This is why I had to correct my mistake about my shopping on the 22nd.  See, I started this trip on the 21st with most of a box of my usual weekend cream cookies, a day behind schedule.  So I had no business buying calories on Monday the 22nd.  But when I walked into the Safeway near downtown Ballard that day, I saw ads for a sale on their house brand of ice cream.  They used to sell a few flavours in this brand really cheaply, and for the first few years of my homelessness I bought one carton per summer, to give myself lazy days.  Then they got fancier with their house brand, more than doubling the price, so I've only had ice cream since then if I got to a Fred Meyer in the summer.  But this sale was for the old price.  So I bought a flavour they'd never offered at that price, close to my favourite, but as it turned out not close enough, and I didn't finish the carton.  Anyway, for some reason the lazy day was offset by one.

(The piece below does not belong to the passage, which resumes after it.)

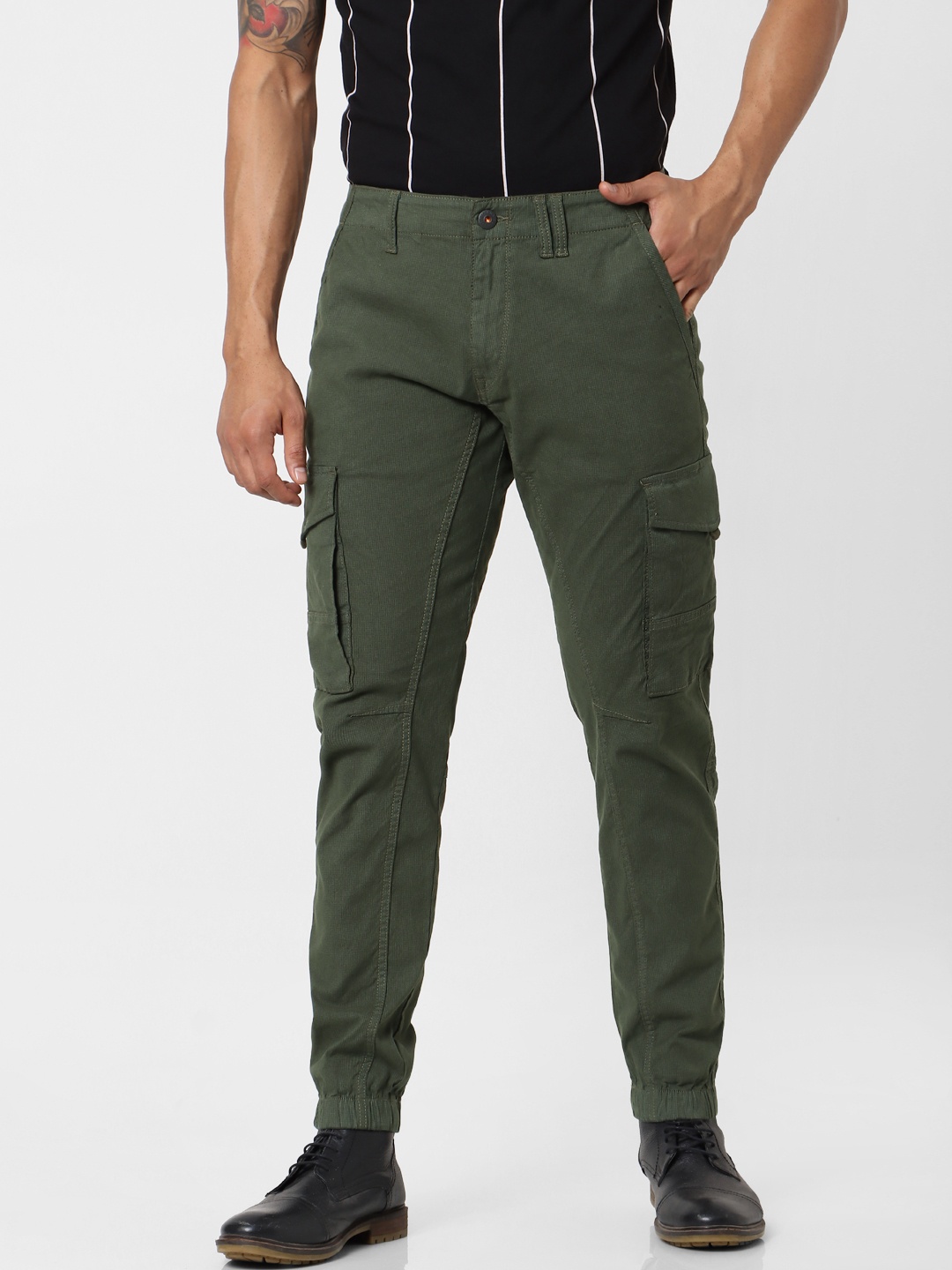 

Jack & Jones Men Green PAUL Tapered Fit Solid Regular Trousers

So I slept there on nothing but cream cookies, well past the bench's becoming sunny, waking around noon.  Of course I needed the restroom again, and of course it offered neither a dryer nor privacy, so I took a picture:
I'd already taken pictures of neat stuff.  The neatest thing about Salmon Bay Park is its rolling landscape, on which practically all the paths are paved.  This photo probably doesn't do it justice:
I also liked some tiles in the playground, although as I traveled on I kept seeing the same ones, which somewhat dampened the liking:
Finally I set off down 70th St towards

Webster Park

This small park is on 68th St near, but east of, 32nd Ave.  I'm pretty sure this is the park I vaguely remember only being able to approach from the west (i.e. 32nd) thanks to construction.  It's dominated by a playground, but I do remember it having grass, benches, etc., and resting for a time there.  EDIT JULY 3:  It has a water fountain too, which was running that day, but only in a trickle.

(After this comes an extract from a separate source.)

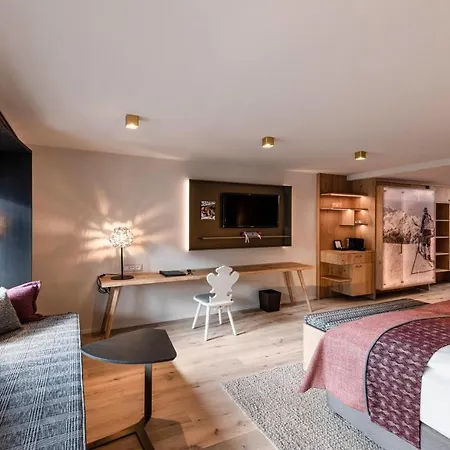 Hotel Eva,village 4*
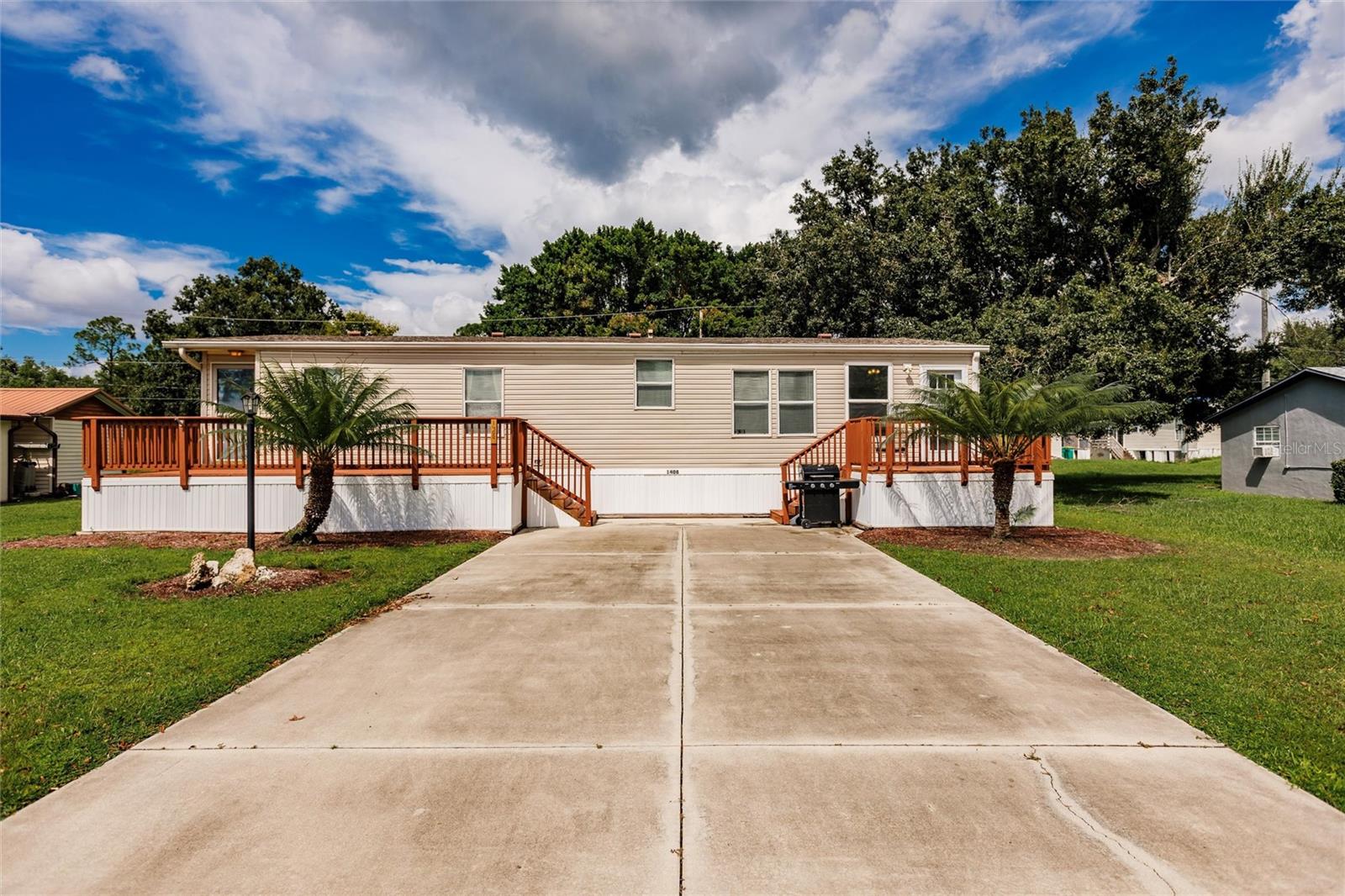 Woodlawn Ave, Punta Gorda, FL 33950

All the art is carefully separated from the playground so as to not to endanger the kids with it; it consists of a sundial by Chuck Nafziger and a set of four bas-reliefs by Charles S. Bigger called "Crossings", three side by side with words I couldn't read apparently telling a connected story.  Scrunched together as they are, they rather get in the way of photography, but here are my best tries:




Next north on 32nd to

Sunset Hill Park

OK, so the parks department website shows benches, and I remember people lying on the grass, but I still think this park at the edge of the cliff on 34th Ave between 75th and 77th Streets is all about its views.  It expresses this by putting a fence along the top of the cliff, and having its only trail run mostly alongside that fence.  I wasn't there at sunset but here's what I could do:
At this point I realised I couldn't get to my next destination from where I was.  I needed to go back south, and find a path to tomorrow's topic, dear Diary, the Ballard seacoast.

Saturday, June 27, 2020

A Heavy Mile Stone

Dear Diary,

Yay!  I'm back where the living is, um, less hard.  I'd hoped to revisit Magnuson Park, Matthews Beach, and Meadowbrook Playfield today; that didn't work out.  But I did visit, mostly for the first time, well over fifty other parks.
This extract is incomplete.